DATA PROVIDED

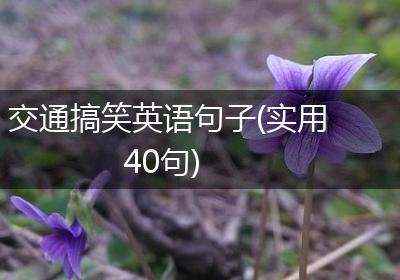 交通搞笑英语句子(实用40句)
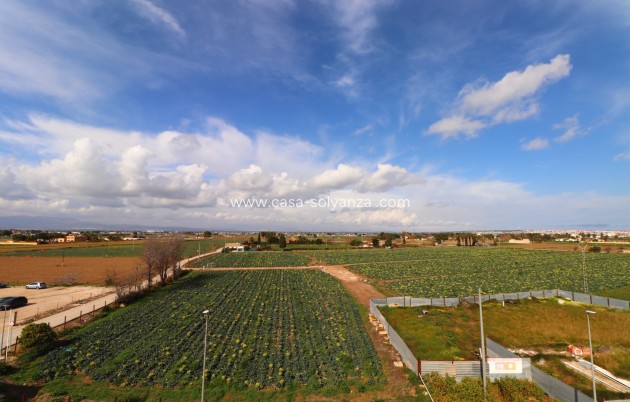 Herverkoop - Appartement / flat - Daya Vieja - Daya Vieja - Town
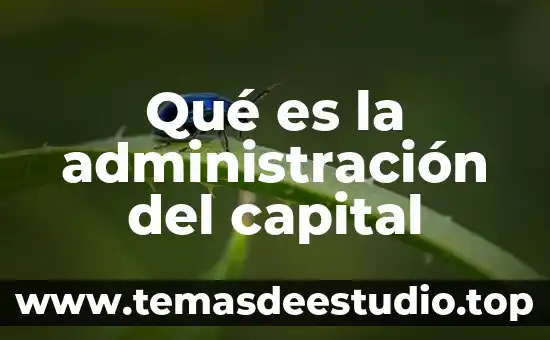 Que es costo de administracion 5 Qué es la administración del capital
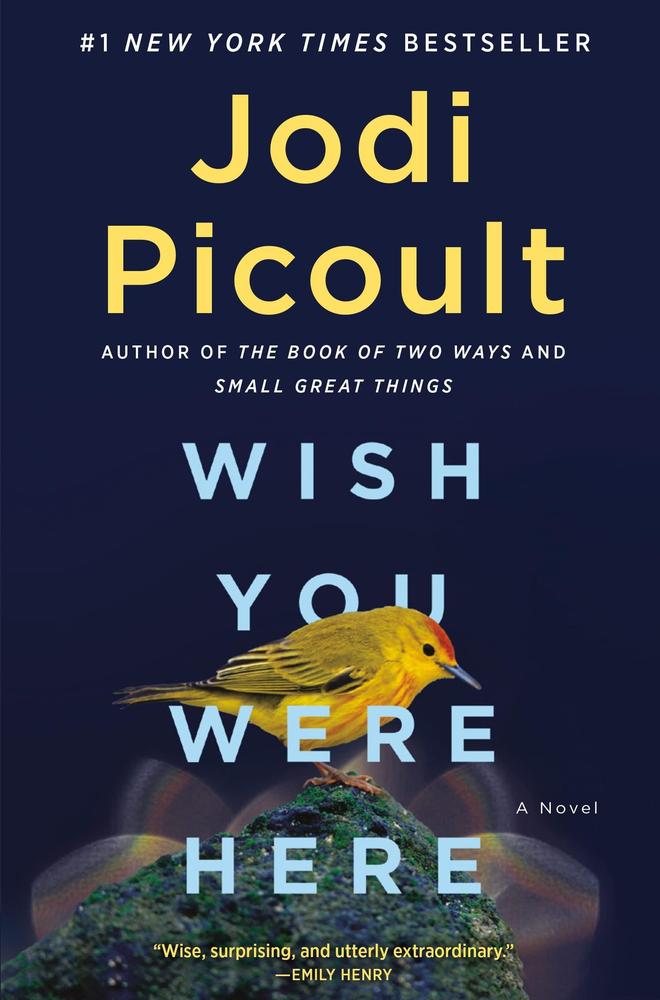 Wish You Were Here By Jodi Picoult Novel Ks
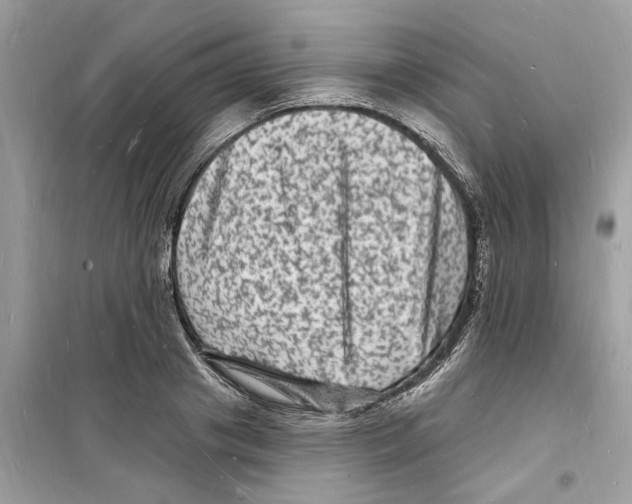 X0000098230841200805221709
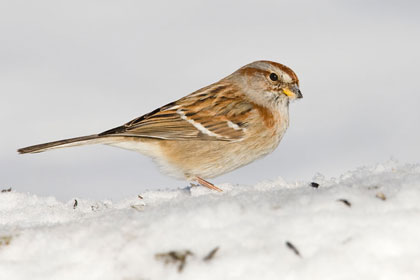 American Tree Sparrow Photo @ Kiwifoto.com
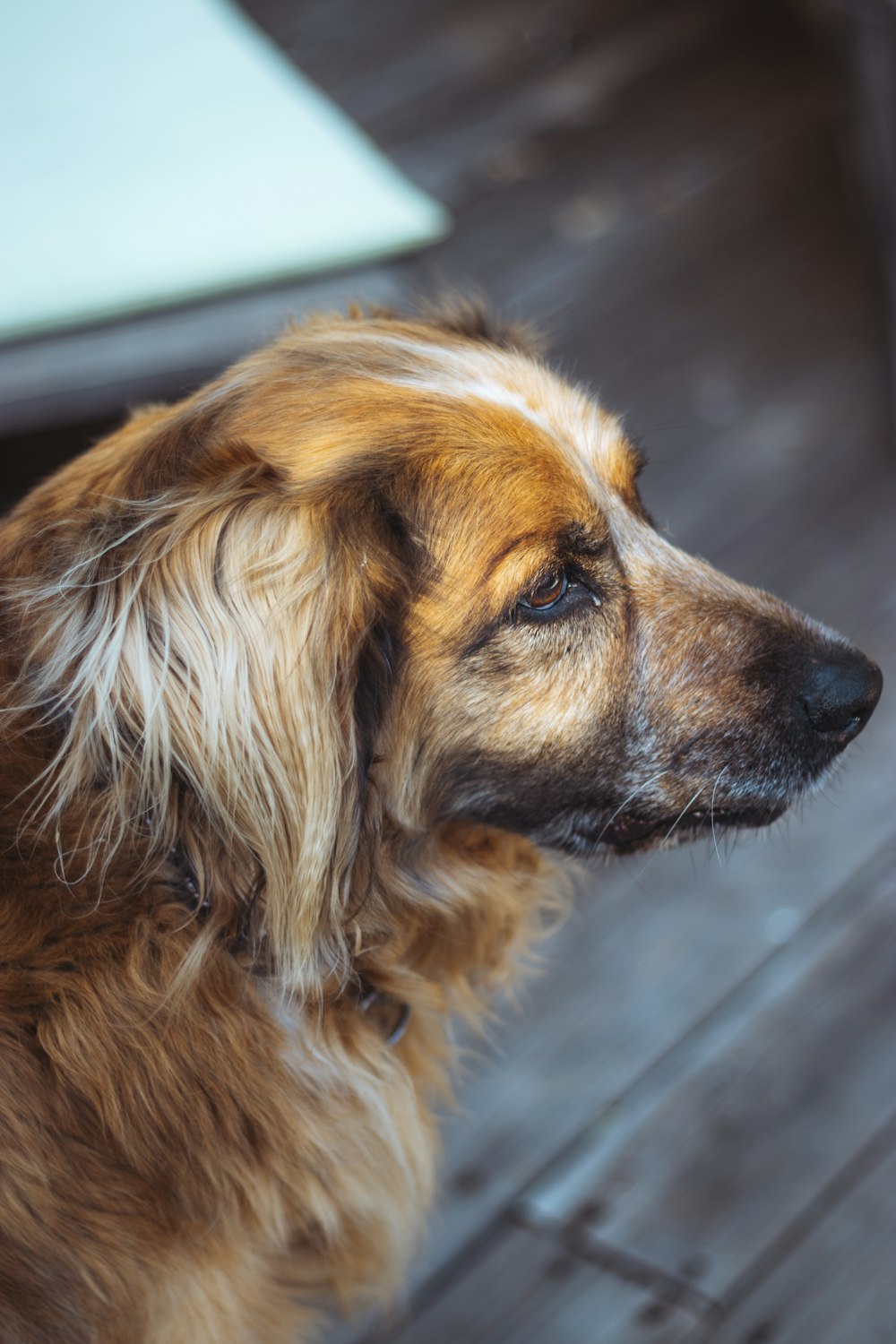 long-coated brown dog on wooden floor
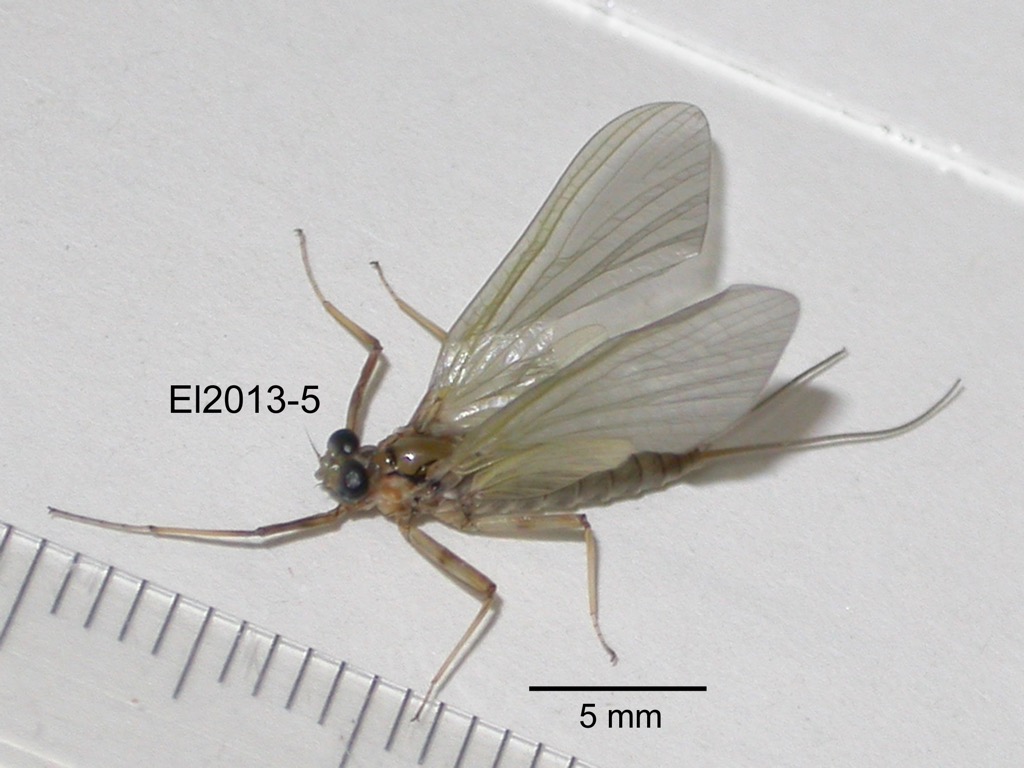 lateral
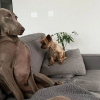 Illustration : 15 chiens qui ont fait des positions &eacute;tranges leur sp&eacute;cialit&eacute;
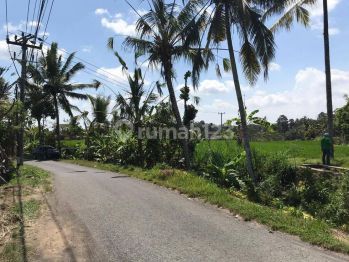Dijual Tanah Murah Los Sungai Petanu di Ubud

INSTRUCTIONS TO FOLLOW
Without the pictures, write out every line above exactly as it appears.

WRITTEN RESPONSE
 交通搞笑英语句子(实用40句)
 Herverkoop - Appartement / flat - Daya Vieja - Daya Vieja - Town
 Que es costo de administracion 5 Qué es la administración del capital
 Wish You Were Here By Jodi Picoult Novel Ks
 X0000098230841200805221709
 American Tree Sparrow Photo @ Kiwifoto.com
 long-coated brown dog on wooden floor
 lateral
 Illustration : 15 chiens qui ont fait des positions &eacute;tranges leur sp&eacute;cialit&eacute;
Dijual Tanah Murah Los Sungai Petanu di Ubud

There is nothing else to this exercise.